Tag: freedom of movement


Ghana kicks off visa-on-arrival for all African Union travellers

Ghana has kicked off offering visas upon arrival to all African nationals, a step towards creating a continent-wide zone of free movement.

This, shortly after the African Union announced they will be launching an electronic passport, or e-passport, at the next AU Summit tabled to take place in Kigali, Rwanda, in July 2016.

These e-passports will initially be available only to heads of state, government ministers and permanent representatives of member countries at the AU.

Ghana rolled out its new visa-on-arrival on Friday, 1 July, allowing citizens of 54 African Union (AU) member states to get visas for up to 30 days upon arriving in the country.

While the move could lead to increased air traffic across the continent, South African Airways airline operator Gloria Wilkinson told Ghana’s Citi Business News that the West African country would have to ensure its security measures were tight to prevent possible abuse of the system.

Gershon Mosiane, Forum of Immigration Practitioners of South Africa (FIPSA) chairperson, echoes Wilkinson’s sentiment with issuing e-passports to all AU members.

Speaking to CapeTalk on Monday, 4 July, Mosiane said the AU’s e-passport ambitions might be admirable, but that “security threats like terrorism” have made implementing the passport more complicated.

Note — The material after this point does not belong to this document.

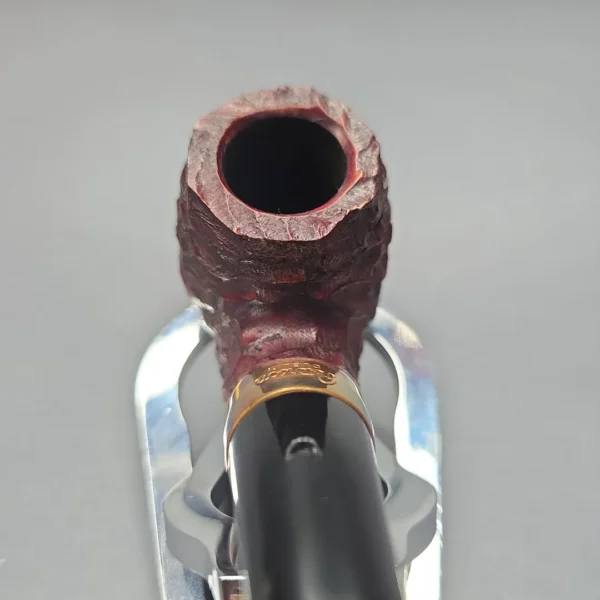 Peterson 2025 Christmas Pipe 221 Rusticated Bent Billiard Estate Briar Pipe, Unsmoked - Image 10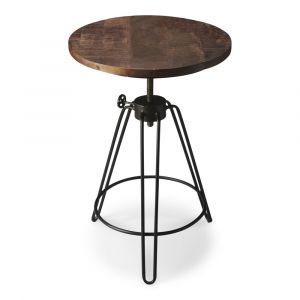 Butler Specialty Company - Trenton 22 in. W Round Metal & Wood Side Table, Multi-Color - 2046025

“Would we in South Africa allow someone with a terrorist history be allowed to come into the country” using the all-access e-passport, Mosiane asked.
Regardless, the move from Ghana to issue visas-on-arrive, as well as the AU’s new e-passport plans marks a step towards the AU’s Agenda 2063 policy document, which includes the abolition of visa requirements for all African citizens in all the continent’s countries by 2018.

Ghanaian President John Dramani Mahama announced Ghana’s new visa policy in his state of the nation address in February, saying that the measure would “stimulate air trade, investment and tourism.”

AU Commission chairperson, South Africa’s Nkosazana Dlamini-Zuma, agreed saying she was convinced “many other African countries will follow suit, in the interest of achieving an integrated, prosperous and peaceful Africa.”

Ghana is a hub on the African continent, as it marks a halfway point to other destinations globally, from SA. In August last year, SAA launched a route between Accra, Ghana and Washington DC in North America.

Now, AU member state passengers on this route can obtain a visa-on-arrival to explore Ghana when on a lengthy layover in the West African country.

Ghana already allows visa-free travel for citizens of countries belonging to member states of the Economic Community of West African States (ECOWAS)—a regional economic bloc consisting of 15 countries including Nigeria, Africa’s biggest economy.